Angelo ? Pourquoi Angelo débarque dans ce problème ?
– Mais je ne veux pas de sa putain de mafia ! Je veux qu'on revienne sur cet accord que nos parents ont écrit ! Angelo n'est rien---
– Sara, réveille-toi ! Angelo croit que tu veux lui voler sa mafia et nous savons que ce n'est plus le cas ! Cependant, il sait que t'existe et il te voit comme une menace ! Si son père a réussi à tuer ta mère, alors Angelo n'hésitera même pas de faire la même chose avec toi. Tu es vue comme un danger pour cet enculé.
Les paroles d'Angelo repassent dans ma tête. Il savait que j'étais à Sicile et il croyait que j'étais là-bas pour sa mafia. J'avoue qu'au départ, c'était un de mes objectifs mais j'ai changé d'avis.
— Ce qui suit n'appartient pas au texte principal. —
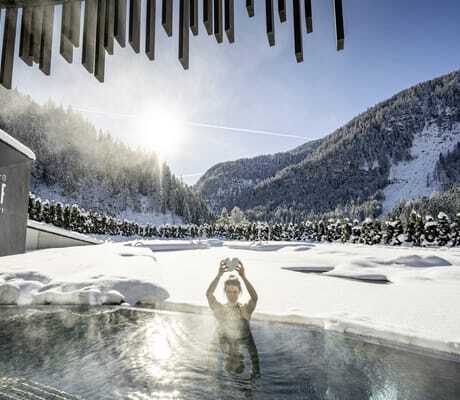 Frau hält Herz aus Stein im Lürzerhof-Pool in die Höhe im Winter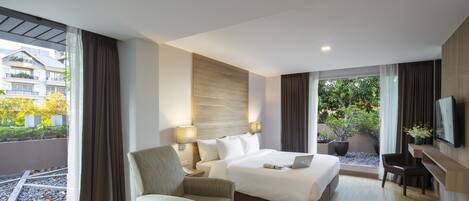Une chambre d’hôtel avec un grand lit, une chaise, un bureau et un téléviseur. Il y a des fenêtres avec des rideaux, une vue sur les bâtiments à l’extérieur et une plante en pot sur le rebord de la fenêtre.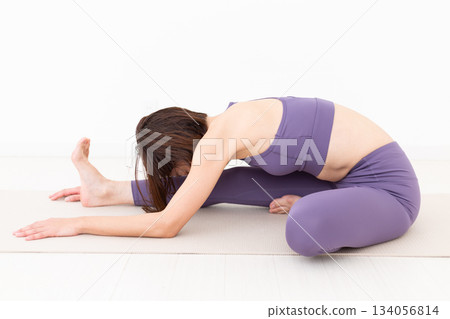 一位身穿瑜伽服的中年婦女在家中做瑜伽 134056814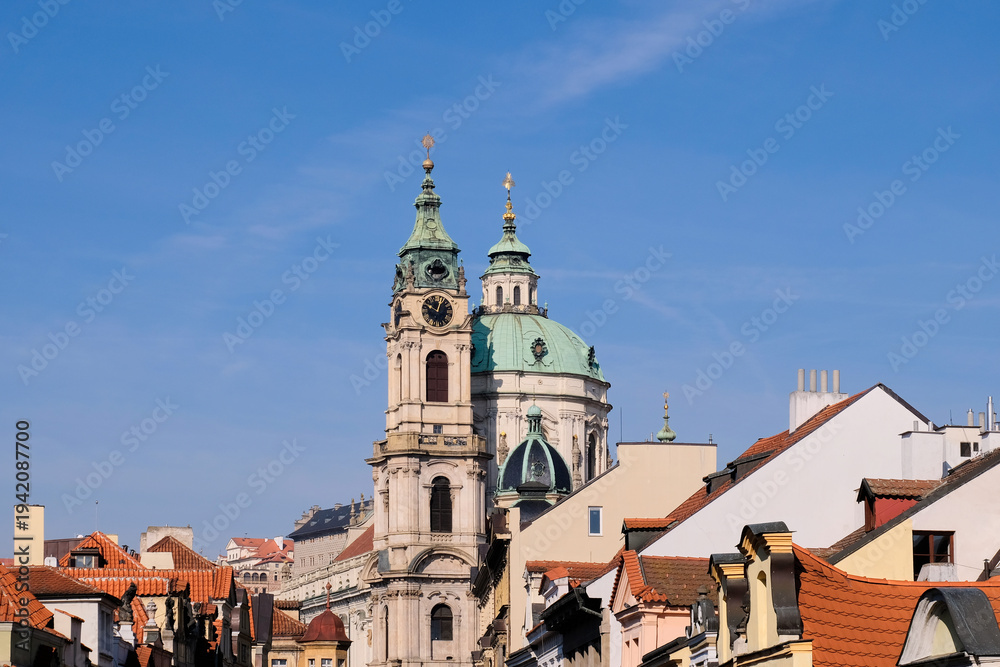 Obraz premium St Nicholas Church Prague with copper dome rising above red rooftops and blue sky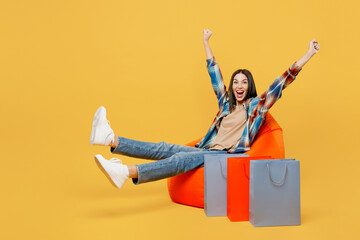 Full body young fun woman wears casual clothes sit in bag chair near paper package bags after shopping do winner gesture isolated on plain yellow background studio. Black Friday sale buy day concept.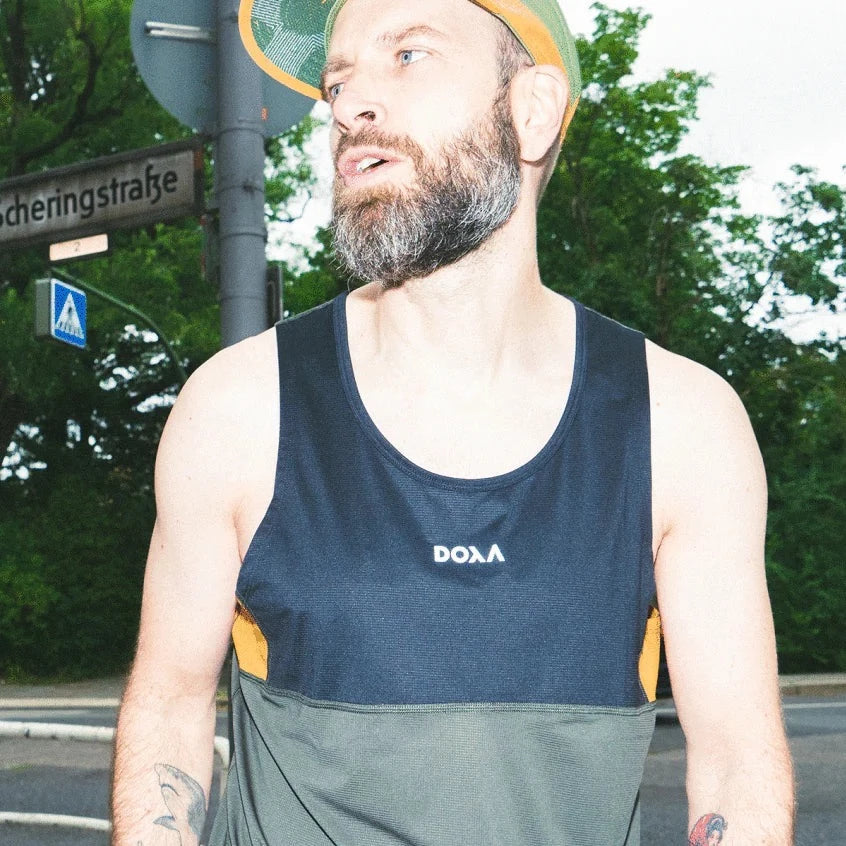 Mann mit Bart und Tanktop steht auf einer Straße neben einem Schild mit der Aufschrift "Scheringstraße", umgeben von Bäumen.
– Alors pour t'affaiblir et te déstabiliser, Angelo a envoyé Matteo Romano pour tuer ton frère. Cet homme est comme son père, Sara. Ne lui fais jamais confiance.
Ce qu'il dit tient la route.
Angelo est du type à s'en prendre aux proches. Il a fait la même chose avec ma cousine, alors pourquoi pas avec moi ?
Il a envoyé Matteo pour tuer Santos.
Je sens la colère grandir en moi et je serre mes poings.
— Alors il le paiera. Lui et ses hommes paieront.